On a separate note I don't suppose you now how I can rid of the minimised boxes after I've opened a file attachment do you??


----------



## bomb #21 (Jul 1, 2005)

"minimised boxes" -- sorry, completely lost now.

Do you mean you want to remove the file you attached to your previous post? Or (if FireFox) clear it from the Downloads dialog box? Or the actual temp directory?
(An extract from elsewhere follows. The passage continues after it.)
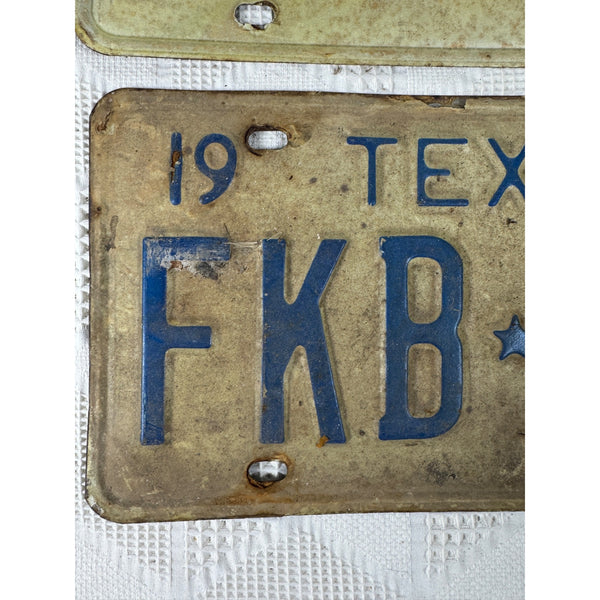 Vintage 1970 Texas License Plates Pair FKB White w Blue Embossed Lettering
Or ...?


----------



## monkey83 (Feb 25, 2010)

sorry I'm not very good at explaining myself am I !?

See attached, these little boxes appeared when I was downloading / uploading files to and from the web and I can't get rid of them.

They appear when I'm looking at a web page just above the start bar icons, I can't right click on them and the drop down doesn't give me the option to close only to open the file, which I've already done and saved them onto my laptop.

Any ideas...?


----------



## bomb #21 (Jul 1, 2005)

"See attached" -- did you mean to attach a screenshot?


----------



## monkey83 (Feb 25, 2010)

it should have attached one yes...hang on...


----------



## monkey83 (Feb 25, 2010)

i can't upload it - argh!!!!!


----------



## monkey83 (Feb 25, 2010)

don't worry about it, I appreciate your help anyway x


----------